Having tested them all, Maya is THE modeler for Unity. Modeling is faster in maya 2010, and it has very powerful animation tools. All Maya content comes into Unity perfectly.
I would rate the unity mac modelers like this:
#1) Maya:
Pros: supported perfectly by Unity, and is cross-platform and does modeling, baking, and animation in one package. If someone on your team knows Mel, the possibilities are endless. No export to unity required.
Cons: Very expensive. Many of the plugins available do not work on the mac version.
Summary: Simply the best option if you can afford it. Yes, Autodesk is evil.
#2) Modo:
Pros: Modo is a very powerful modeler, with fast baking, including very good mesh-to-mesh normal map baking.
Cons: Costs $1K USD, has no character animation, and requires fbx export. Also has some issues with multiple UV sets when the scene uses multiple materials. Requires the team to use another package such as blender, cinema 4D, or Maya for character animation.
Summary: Excellent modeler that gets very fast with practice. With sticky keys, the workplane, the toolpipe and some practice, modo becomes more and more comfortable. The only down sides are the UV set bug, and lack of character animation, and by modo 501, it is likely that both of these issues will be long gone. Modo has stated they are interested in Unity, and have contacts there.
#3) Cinema 4D
Pros: All-in-one modeling and animation with a simple interface. Cross-platform. Lots of plugins.

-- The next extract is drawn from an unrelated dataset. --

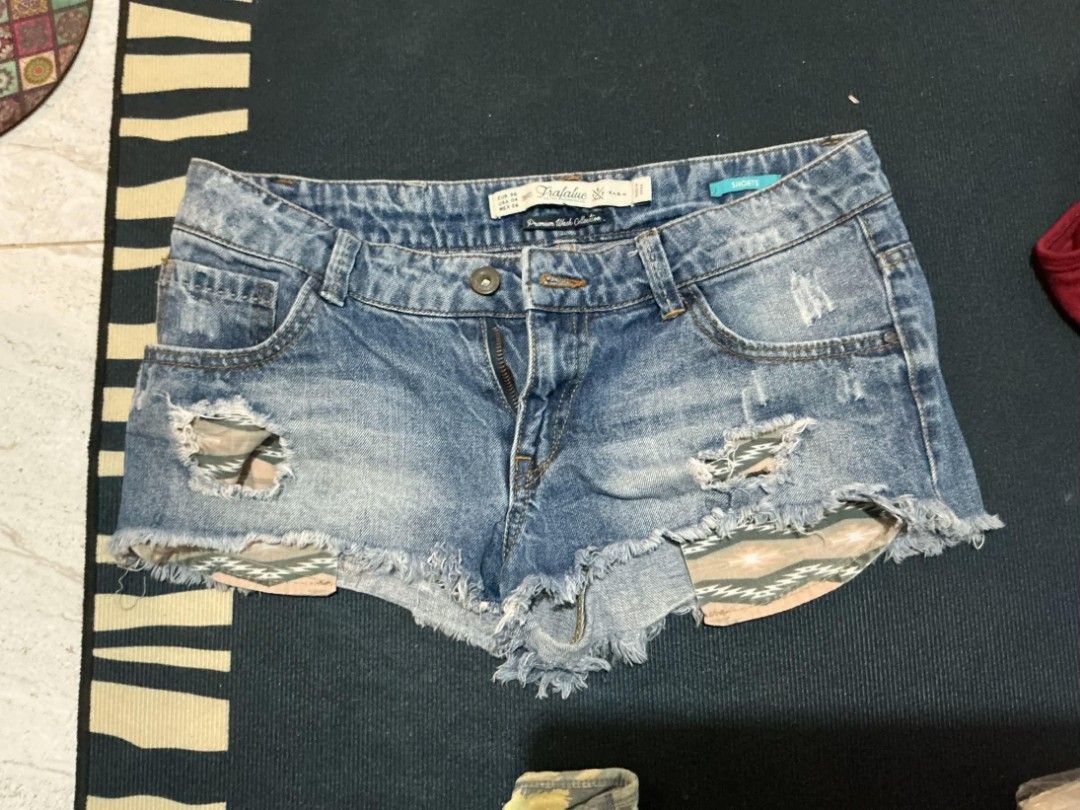 TRAFALUC Zara Denim Shorts (Category: Shorts) located in Quezon City. Submitted by nicskulasa (Listing ID 1462812336, Image 1). Description: - Brand: TRAFALUC by Zara - Type: Blue Denim Shorts - Size: EUR 36 - Style: Distressed with rips and frayed hem - Unique Feature: Patterned fabric peeking through rips - Closure: Button and zip.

Cons: Modeling in C4D is slow, and has strange behaviors like creating orphaned verts, which can cause real problems in games engines. I would not want to model in C4D. Some animations must be baked before they can be brought into Unity. There are frequent reports of missing polys, broken material asignments, and the C4D-to-Unity pipeline is just not as clean as it should be. Expensive for something that has Unity pipeline issues.
Summary: I am just not terribly impressed with this app. It's just so-so.
#4) Cheetah3D
Pros: Martin. Flawless Unity Support. Very affordable. Very minimal, native interface that is great for working on a notebook. Is multi-document like most other mac apps. Is under active development. Has basic modeling and character animation.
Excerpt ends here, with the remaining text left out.